Commit Diff


commit - d9e70c37d9c1f727bf5c52714f64189717706d01
commit + 4f62e31e79cb1498c62ca45b0b9d9d72ef03a334
blob - faa42ebc8315cb686415f0039a27d1119f5ab6ec
blob + f25600eaa4b77f39953dd90dd1e4ddecea853efa
--- swh/loader/git/loader.py
+++ swh/loader/git/loader.py
@@ -1147,44 +1147,30 @@ class GitLoader(BaseGitLoader):
                 else:
                     raise TypeError(f"Unexpected object type: {obj_type}")
 
-        # Load the set of all blob IDs found in the pack file.
+        # Load the set of all blob IDs found in the pack file
+        # and find out which blobs are missing from the archive.
+        blob_hashes: List[bytes] = list()
+        logger.debug("Querying archive for missing packed blobs...")
+        num_blobs = self._blob_types.count()
+        for obj_pos in self._blob_types.search(1):
+            id_hex = sha_to_hex(self.pack.index._unpack_name(obj_pos))
+            id_hash = hashutil.bytehex_to_hash(id_hex)
+            blob_hashes.append(id_hash)
+        missing_contents = set(self.storage.content_missing_per_sha1_git(blob_hashes))
+        self.log.debug(
+            "Number of packed blobs that are missing in storage: "
+            f"{len(missing_contents)} of {num_blobs} packed blobs total"
+        )
+
+        # This list is potentially quite big.
+        del blob_hashes
+
         root_tree_vertices = self._commit_graph.vs.select(
             object_type=GitObjectType.TREE
-        )
-        blob_hashes: Set[bytes] = set()
-        logger.debug("Loading blob object IDs...")
-        i = 0
-        last_p = -1
-        for root_hash, tree_deps in iter_tree_deps(root_tree_vertices):
-            p = int(i * 100 / len(root_tree_vertices))

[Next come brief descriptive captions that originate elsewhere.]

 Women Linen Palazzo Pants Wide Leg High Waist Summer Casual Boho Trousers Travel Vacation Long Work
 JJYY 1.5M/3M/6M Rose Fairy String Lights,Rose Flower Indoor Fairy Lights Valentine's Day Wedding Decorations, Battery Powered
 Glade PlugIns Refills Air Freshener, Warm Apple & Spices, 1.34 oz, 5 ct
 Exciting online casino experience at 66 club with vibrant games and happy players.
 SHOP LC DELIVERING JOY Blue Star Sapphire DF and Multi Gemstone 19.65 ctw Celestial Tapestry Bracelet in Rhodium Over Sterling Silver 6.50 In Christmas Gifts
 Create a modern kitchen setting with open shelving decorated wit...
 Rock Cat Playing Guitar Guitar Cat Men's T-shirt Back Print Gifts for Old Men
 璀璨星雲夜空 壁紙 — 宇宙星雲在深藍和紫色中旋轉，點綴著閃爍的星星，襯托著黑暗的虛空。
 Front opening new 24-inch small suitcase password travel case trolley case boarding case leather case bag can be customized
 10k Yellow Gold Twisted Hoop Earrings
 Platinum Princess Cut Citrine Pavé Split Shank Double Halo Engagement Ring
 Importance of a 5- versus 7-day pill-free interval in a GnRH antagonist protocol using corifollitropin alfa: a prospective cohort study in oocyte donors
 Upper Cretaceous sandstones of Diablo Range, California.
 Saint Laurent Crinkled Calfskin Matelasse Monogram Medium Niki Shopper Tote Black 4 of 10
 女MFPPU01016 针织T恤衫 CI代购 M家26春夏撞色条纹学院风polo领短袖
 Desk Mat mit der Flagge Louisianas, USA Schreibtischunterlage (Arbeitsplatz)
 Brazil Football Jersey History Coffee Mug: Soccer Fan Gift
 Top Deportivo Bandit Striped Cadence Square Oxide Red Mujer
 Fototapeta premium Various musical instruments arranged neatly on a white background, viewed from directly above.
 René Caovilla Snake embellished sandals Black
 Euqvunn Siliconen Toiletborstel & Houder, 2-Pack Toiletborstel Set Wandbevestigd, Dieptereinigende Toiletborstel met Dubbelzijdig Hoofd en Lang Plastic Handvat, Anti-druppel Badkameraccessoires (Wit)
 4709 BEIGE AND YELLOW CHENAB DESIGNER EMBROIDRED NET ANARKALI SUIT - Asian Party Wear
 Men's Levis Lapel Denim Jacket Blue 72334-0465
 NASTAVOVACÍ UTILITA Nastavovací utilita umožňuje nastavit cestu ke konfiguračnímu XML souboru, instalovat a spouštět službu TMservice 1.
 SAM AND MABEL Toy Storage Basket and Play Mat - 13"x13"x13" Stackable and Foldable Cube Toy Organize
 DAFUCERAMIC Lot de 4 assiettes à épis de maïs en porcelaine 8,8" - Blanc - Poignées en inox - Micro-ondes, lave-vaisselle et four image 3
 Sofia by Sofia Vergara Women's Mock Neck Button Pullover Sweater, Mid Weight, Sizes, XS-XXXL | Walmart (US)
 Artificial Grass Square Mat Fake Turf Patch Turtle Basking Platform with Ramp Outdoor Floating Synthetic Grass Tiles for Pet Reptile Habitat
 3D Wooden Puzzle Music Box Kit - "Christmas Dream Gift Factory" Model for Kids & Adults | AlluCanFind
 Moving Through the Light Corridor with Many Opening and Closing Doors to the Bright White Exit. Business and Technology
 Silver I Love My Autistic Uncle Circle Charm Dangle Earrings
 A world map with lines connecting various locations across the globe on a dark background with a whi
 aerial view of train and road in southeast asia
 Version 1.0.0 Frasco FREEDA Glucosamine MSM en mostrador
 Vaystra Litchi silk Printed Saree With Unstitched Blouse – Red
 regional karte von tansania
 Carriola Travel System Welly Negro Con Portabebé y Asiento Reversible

-            if p != last_p:
-                logger.debug(f"Loading blob object IDs: {p}% of commits processed...")
-                last_p = p
-            i = i + 1
-            try:
-                dep_hashes = get_recursive_tree_dep_hashes(
-                    root_hash, obj_type=GitObjectType.BLOB
-                )
-                blob_hashes.update(dep_hashes)
-            except KeyError:
-                continue
-
-        p = int(i * 100 / len(root_tree_vertices))
-        if p != last_p:
-            logger.debug(f"Loading blob object IDs: {p}% of commits processed.")
-
-        # Find out which blobs are missing from the archive.
-        missing_contents = set(
-            self.storage.content_missing_per_sha1_git(list(blob_hashes))
-        )
-        self.log.debug(
-            "Number of packed blobs that are missing in storage: "
-            f"{len(missing_contents)} of {len(blob_hashes)} packed blobs total"
         )
-
         missing_directories: Set[bytes] = set()
         tree_hashes: Set[bytes] = set()
-        if len(missing_contents) == len(blob_hashes):
+        if len(missing_contents) == num_blobs:
             # If all blobs are missing then all trees are missing, too.
             for root_hash, tree_deps in iter_tree_deps(root_tree_vertices):
                 missing_directories.add(hashutil.hash_to_bytes(root_hash))